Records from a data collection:
━━━━━━━━━━━━━━━━

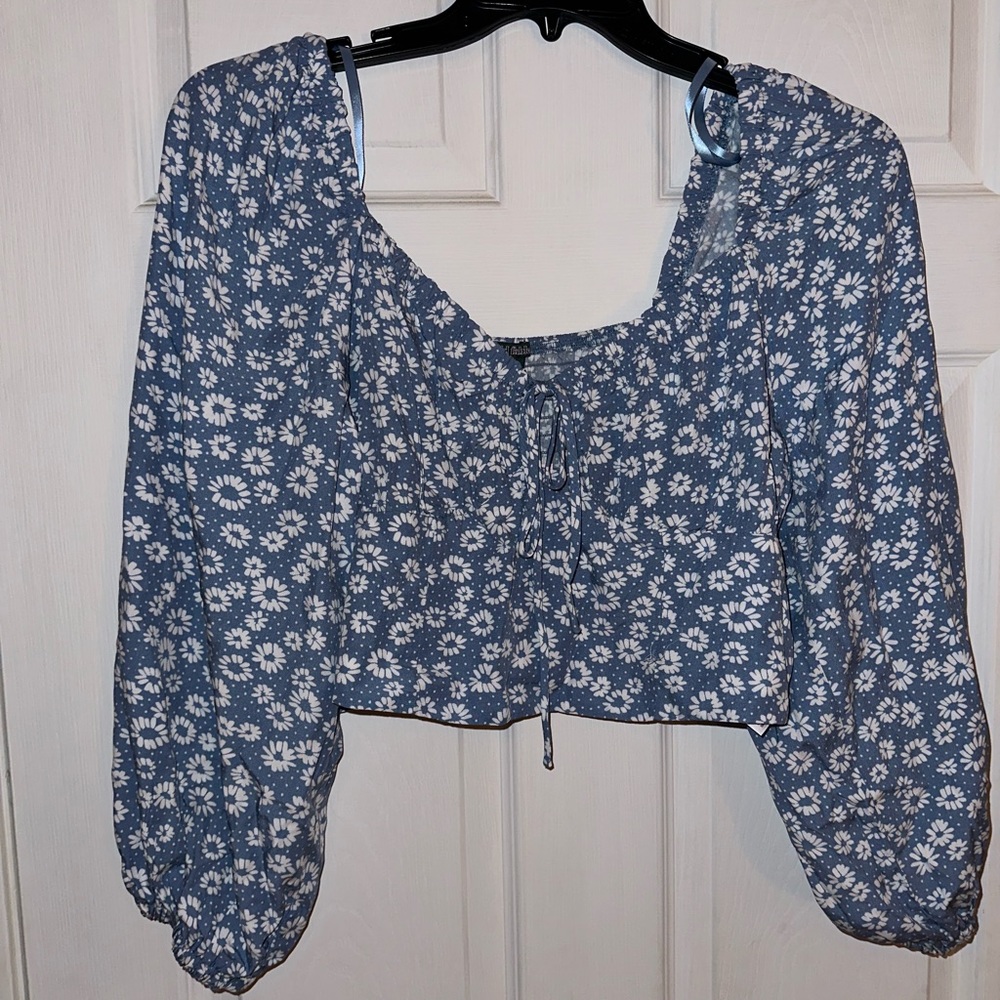 Never worn key hole bell sleeve crop top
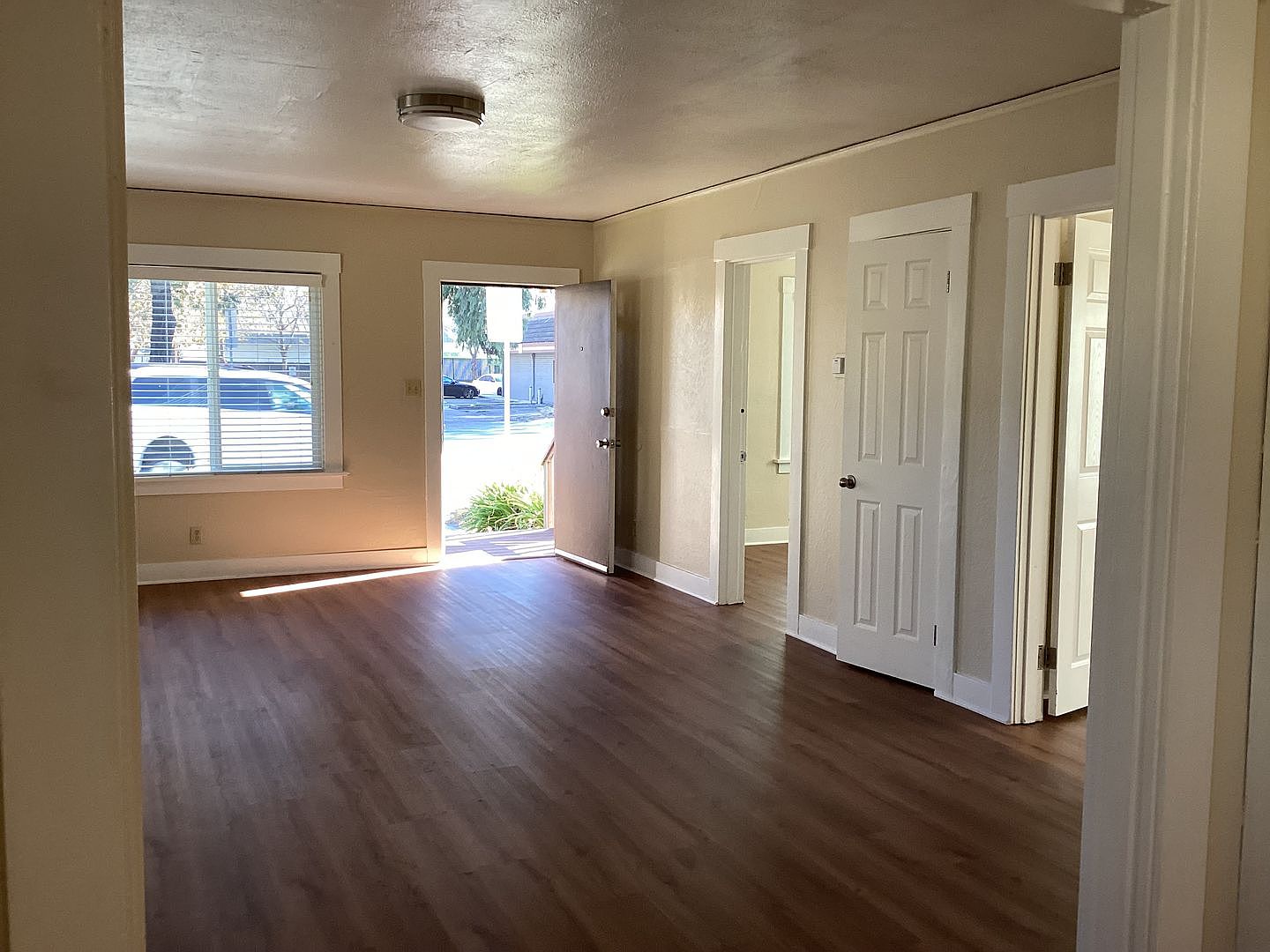 2BR/1BA Single Family House on Mission St · Santa Cruz photo 2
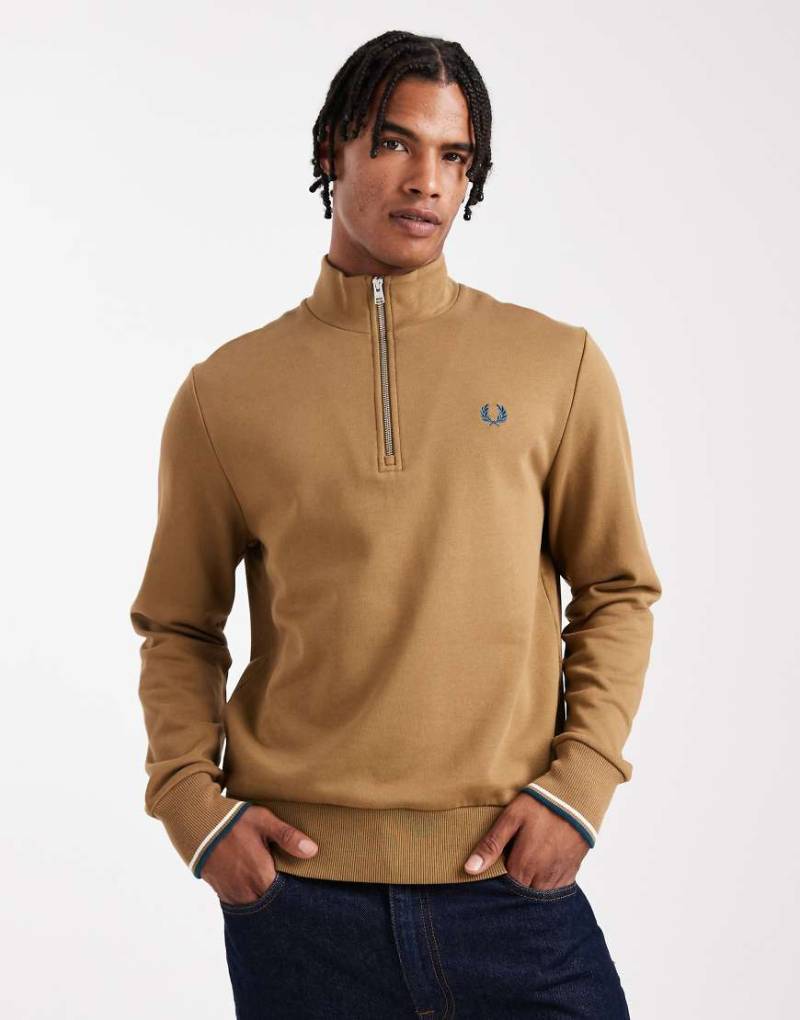 Fred Perry - Sweatshirt in Khaki mit kurzem Reißverschluss-Grün von Fred Perry
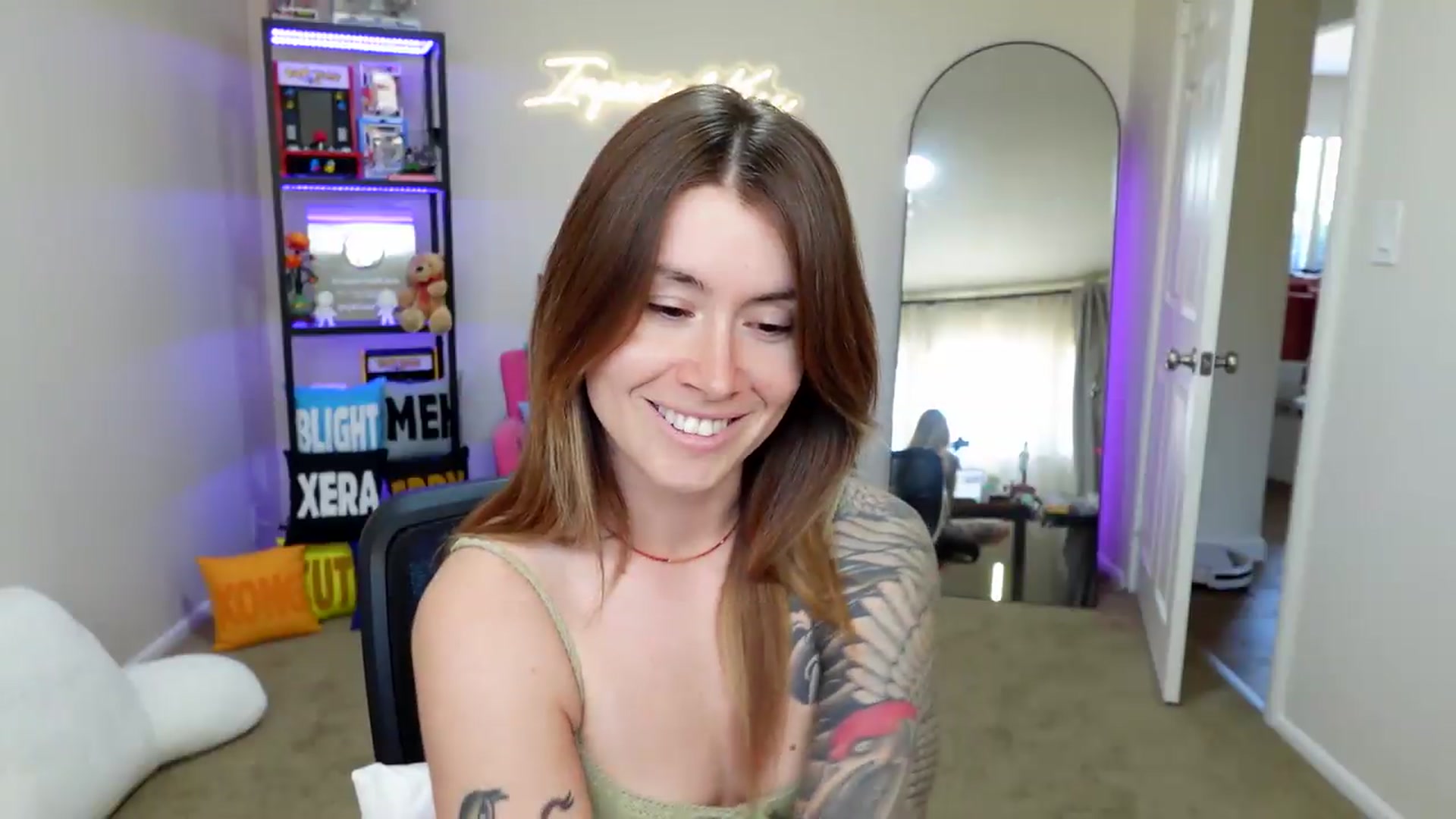 Gallery image thumbnail from ImperialKiss's myfreecams stream on, 06/07/2026, 22:08 image 9 of 20
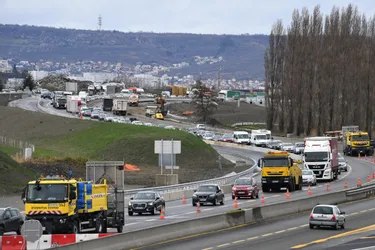 Autoroute A75 déviée à hauteur du Zénith d'Auvergne : deux jours de travaux pour réparer le pont percuté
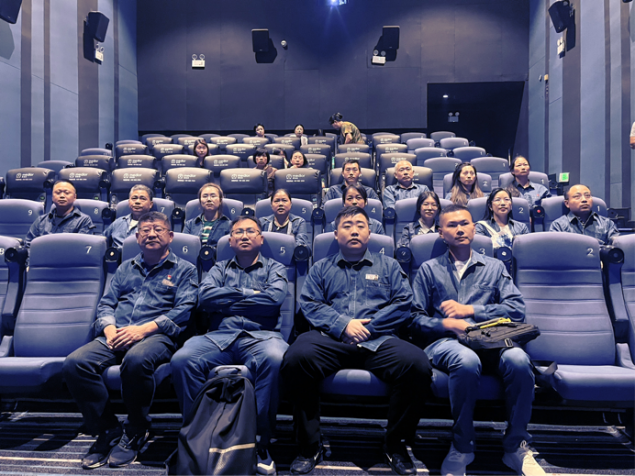 观看《东极岛》厚植爱国情怀(图3)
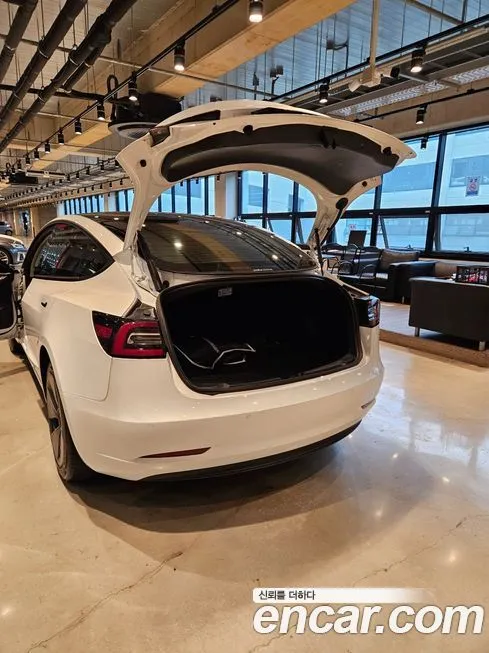 Tesla Model 3 2022 из KR, фото 7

━━━━━━━━━━━━━━━━

Every line from the one holding "Gallery image thumbnail" through the final line of the data above is to be reproduced exactly, both ends included, with the pictures left out.

Result:
 Gallery image thumbnail from ImperialKiss's myfreecams stream on, 06/07/2026, 22:08 image 9 of 20
 Autoroute A75 déviée à hauteur du Zénith d'Auvergne : deux jours de travaux pour réparer le pont percuté
 观看《东极岛》厚植爱国情怀(图3)
 Tesla Model 3 2022 из KR, фото 7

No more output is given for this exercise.